-- Excerpted records follows --
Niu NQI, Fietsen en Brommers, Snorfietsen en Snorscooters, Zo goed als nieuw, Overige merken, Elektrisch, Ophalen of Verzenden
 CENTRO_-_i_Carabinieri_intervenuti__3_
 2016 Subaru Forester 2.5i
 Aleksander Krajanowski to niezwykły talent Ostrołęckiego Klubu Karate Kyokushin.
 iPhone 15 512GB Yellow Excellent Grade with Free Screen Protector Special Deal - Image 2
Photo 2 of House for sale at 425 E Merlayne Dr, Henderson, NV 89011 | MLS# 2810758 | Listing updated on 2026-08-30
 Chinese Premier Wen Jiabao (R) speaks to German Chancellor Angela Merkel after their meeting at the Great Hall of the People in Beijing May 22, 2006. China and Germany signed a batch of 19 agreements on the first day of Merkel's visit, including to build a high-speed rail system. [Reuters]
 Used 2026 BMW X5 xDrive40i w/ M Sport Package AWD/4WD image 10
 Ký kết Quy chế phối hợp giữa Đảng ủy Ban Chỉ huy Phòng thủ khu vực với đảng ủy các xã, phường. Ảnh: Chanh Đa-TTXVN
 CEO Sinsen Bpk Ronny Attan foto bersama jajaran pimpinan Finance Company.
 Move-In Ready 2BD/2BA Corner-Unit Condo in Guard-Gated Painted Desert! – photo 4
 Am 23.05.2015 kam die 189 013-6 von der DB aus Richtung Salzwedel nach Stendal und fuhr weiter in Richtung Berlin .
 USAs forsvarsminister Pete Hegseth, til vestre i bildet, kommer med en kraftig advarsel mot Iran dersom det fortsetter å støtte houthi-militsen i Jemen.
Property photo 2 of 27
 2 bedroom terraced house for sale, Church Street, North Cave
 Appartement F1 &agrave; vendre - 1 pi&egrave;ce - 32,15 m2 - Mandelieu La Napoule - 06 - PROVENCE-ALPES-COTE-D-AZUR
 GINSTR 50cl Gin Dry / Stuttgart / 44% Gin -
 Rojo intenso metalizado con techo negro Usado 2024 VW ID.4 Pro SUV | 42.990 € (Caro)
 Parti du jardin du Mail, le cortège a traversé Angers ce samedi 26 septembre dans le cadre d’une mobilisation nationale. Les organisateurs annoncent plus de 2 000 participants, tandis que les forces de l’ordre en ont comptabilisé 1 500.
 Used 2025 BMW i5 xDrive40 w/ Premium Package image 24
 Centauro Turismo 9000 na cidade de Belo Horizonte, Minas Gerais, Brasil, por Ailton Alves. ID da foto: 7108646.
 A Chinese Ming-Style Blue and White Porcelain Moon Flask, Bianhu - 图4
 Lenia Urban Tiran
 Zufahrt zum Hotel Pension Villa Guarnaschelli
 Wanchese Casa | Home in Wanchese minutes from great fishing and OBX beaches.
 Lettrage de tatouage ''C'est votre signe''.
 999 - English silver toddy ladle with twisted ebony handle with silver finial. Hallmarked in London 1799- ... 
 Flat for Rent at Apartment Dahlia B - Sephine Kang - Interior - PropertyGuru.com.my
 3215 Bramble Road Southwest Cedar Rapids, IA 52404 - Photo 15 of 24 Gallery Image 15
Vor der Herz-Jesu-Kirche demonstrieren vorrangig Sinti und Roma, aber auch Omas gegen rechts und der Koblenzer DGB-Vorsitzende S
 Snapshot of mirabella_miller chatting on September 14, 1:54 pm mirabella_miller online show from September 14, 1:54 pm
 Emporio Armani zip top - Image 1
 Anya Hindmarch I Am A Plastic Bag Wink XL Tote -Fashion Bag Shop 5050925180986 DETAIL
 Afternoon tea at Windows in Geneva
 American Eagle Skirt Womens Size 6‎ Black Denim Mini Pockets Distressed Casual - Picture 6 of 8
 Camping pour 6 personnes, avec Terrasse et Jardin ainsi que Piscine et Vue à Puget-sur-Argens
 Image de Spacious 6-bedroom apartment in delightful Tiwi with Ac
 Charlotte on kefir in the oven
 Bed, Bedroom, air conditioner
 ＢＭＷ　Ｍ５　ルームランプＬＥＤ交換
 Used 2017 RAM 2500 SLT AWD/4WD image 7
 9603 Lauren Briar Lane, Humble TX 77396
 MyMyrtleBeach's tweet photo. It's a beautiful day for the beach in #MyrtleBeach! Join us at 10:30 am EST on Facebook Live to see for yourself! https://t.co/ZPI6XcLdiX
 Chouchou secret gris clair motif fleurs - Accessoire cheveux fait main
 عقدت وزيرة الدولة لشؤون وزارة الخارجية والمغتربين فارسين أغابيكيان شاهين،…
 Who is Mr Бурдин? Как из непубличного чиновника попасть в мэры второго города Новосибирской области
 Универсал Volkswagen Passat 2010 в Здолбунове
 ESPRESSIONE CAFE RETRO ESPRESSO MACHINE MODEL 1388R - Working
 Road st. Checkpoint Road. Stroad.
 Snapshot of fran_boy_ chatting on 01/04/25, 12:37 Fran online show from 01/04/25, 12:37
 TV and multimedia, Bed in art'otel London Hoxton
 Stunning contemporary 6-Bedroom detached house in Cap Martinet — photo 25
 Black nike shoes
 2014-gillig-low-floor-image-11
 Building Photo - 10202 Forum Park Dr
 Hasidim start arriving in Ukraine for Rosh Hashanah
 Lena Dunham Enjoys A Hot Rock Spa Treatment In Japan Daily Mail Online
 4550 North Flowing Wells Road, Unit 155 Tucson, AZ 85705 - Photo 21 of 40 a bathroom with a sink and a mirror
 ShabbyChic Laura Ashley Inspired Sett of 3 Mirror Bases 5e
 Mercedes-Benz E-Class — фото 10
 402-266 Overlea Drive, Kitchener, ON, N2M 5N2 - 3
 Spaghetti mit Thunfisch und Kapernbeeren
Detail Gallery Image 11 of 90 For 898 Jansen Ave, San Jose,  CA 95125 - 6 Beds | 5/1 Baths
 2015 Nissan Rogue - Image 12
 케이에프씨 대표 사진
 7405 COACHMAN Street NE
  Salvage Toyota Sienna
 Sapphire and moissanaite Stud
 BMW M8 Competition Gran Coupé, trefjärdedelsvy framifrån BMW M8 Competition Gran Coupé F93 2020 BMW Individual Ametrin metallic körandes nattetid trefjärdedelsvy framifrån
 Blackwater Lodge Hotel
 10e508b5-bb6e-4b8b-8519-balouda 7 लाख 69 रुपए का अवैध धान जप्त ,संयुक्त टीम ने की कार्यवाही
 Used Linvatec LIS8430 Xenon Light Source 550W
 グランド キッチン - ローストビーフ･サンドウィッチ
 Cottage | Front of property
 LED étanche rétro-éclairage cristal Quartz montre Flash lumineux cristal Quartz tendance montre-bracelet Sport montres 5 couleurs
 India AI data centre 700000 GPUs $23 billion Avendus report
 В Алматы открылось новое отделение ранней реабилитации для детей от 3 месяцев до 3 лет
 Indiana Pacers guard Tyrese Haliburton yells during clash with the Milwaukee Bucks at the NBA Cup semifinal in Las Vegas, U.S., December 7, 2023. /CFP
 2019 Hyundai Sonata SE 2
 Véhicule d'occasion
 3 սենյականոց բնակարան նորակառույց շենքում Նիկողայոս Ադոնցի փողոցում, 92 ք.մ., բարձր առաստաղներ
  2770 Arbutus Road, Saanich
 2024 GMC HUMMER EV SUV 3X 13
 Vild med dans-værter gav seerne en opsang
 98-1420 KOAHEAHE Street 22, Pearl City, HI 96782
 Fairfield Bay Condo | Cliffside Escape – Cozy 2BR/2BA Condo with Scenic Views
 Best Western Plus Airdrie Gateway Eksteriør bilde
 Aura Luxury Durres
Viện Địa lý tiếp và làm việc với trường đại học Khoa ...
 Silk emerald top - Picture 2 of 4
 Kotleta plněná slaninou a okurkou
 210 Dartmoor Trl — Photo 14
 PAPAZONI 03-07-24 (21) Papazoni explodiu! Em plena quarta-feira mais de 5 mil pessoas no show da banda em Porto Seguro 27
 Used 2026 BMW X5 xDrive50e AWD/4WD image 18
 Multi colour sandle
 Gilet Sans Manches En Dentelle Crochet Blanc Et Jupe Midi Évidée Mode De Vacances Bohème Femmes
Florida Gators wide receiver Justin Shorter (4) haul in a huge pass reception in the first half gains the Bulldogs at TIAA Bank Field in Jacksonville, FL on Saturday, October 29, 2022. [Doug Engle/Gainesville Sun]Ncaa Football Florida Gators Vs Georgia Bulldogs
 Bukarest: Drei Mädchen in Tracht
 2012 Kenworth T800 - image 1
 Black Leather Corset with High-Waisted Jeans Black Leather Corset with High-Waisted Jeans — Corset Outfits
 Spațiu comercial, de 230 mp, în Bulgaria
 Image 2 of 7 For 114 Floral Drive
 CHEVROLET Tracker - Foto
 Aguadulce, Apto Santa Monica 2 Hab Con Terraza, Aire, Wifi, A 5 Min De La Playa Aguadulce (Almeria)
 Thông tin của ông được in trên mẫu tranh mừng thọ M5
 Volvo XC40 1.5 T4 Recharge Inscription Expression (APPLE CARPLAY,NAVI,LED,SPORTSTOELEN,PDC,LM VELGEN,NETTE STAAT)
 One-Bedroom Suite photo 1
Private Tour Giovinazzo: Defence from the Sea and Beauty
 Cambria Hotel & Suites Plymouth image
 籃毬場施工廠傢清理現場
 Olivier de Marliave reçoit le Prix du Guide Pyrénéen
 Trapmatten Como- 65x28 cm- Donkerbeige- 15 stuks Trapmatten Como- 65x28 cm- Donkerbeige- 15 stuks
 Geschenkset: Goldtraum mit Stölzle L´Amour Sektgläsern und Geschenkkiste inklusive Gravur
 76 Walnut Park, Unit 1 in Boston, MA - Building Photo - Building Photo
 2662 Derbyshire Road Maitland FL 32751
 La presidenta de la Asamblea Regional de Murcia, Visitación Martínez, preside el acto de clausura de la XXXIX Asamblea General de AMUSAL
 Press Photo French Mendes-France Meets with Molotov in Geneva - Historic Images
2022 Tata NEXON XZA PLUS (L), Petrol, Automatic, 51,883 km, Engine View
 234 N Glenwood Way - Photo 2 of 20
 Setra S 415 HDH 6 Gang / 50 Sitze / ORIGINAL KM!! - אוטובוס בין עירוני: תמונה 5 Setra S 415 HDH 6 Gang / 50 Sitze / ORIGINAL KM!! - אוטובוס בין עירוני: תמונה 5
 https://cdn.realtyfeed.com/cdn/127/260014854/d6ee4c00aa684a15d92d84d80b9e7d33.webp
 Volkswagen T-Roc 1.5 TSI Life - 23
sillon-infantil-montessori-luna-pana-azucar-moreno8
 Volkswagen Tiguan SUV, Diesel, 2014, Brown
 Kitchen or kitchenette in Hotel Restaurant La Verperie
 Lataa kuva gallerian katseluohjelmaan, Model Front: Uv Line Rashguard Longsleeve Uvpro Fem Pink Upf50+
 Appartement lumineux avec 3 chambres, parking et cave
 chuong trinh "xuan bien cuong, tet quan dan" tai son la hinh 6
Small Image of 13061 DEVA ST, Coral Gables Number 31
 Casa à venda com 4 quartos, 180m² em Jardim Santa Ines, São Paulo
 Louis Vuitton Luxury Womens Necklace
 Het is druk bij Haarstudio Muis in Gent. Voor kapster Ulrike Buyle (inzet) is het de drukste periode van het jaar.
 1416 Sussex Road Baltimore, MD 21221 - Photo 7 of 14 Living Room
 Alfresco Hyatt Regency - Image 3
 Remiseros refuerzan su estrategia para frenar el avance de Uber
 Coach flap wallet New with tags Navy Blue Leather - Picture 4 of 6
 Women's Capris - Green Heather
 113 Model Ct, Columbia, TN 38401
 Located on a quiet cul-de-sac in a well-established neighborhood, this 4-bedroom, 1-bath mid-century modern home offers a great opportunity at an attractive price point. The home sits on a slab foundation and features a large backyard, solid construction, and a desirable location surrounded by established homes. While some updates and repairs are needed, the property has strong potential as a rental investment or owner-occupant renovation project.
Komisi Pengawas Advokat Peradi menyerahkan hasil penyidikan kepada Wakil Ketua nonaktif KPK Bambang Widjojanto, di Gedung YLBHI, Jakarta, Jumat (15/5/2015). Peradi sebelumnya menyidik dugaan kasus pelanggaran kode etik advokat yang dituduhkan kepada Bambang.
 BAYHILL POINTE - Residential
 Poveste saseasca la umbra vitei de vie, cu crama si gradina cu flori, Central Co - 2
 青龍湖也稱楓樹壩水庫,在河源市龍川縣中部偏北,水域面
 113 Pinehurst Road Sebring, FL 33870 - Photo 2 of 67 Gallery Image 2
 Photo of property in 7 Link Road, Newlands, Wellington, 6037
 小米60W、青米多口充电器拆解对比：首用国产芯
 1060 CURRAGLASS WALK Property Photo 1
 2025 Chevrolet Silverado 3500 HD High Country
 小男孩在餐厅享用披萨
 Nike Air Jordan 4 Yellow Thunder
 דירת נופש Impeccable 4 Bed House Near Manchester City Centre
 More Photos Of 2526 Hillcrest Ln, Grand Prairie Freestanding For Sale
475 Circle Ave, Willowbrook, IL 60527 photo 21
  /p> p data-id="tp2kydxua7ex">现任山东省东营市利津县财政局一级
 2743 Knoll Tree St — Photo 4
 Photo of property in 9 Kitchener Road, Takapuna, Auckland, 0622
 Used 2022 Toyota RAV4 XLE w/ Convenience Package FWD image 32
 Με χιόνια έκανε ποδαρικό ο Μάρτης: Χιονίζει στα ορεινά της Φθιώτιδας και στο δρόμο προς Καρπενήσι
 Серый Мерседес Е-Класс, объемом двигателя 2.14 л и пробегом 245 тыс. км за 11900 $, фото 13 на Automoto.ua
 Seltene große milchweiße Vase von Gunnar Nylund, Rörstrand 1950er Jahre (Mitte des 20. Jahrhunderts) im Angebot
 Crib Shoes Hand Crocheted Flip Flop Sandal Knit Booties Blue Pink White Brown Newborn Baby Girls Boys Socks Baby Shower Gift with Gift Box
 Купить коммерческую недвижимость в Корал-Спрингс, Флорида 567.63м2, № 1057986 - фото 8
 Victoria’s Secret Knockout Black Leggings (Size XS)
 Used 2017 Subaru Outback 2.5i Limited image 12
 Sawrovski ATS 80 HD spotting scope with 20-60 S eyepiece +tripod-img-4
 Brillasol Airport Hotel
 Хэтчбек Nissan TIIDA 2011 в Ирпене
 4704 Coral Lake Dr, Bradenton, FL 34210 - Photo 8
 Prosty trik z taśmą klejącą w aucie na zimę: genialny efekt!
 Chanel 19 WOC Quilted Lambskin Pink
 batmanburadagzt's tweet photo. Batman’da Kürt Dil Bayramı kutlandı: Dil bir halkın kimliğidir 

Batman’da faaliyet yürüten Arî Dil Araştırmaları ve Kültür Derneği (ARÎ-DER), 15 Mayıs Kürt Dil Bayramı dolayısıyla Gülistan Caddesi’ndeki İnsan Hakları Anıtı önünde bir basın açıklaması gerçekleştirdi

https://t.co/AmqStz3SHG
-- Excerpted records concluded --
● Exercise objective
Above are the records; please copy exactly their first line and each line after it through the line containing "Chinese Premier Wen", and no line after that.

● Answer space
Niu NQI, Fietsen en Brommers, Snorfietsen en Snorscooters, Zo goed als nieuw, Overige merken, Elektrisch, Ophalen of Verzenden
 CENTRO_-_i_Carabinieri_intervenuti__3_
 2016 Subaru Forester 2.5i
 Aleksander Krajanowski to niezwykły talent Ostrołęckiego Klubu Karate Kyokushin.
 iPhone 15 512GB Yellow Excellent Grade with Free Screen Protector Special Deal - Image 2
Photo 2 of House for sale at 425 E Merlayne Dr, Henderson, NV 89011 | MLS# 2810758 | Listing updated on 2026-08-30
 Chinese Premier Wen Jiabao (R) speaks to German Chancellor Angela Merkel after their meeting at the Great Hall of the People in Beijing May 22, 2006. China and Germany signed a batch of 19 agreements on the first day of Merkel's visit, including to build a high-speed rail system. [Reuters]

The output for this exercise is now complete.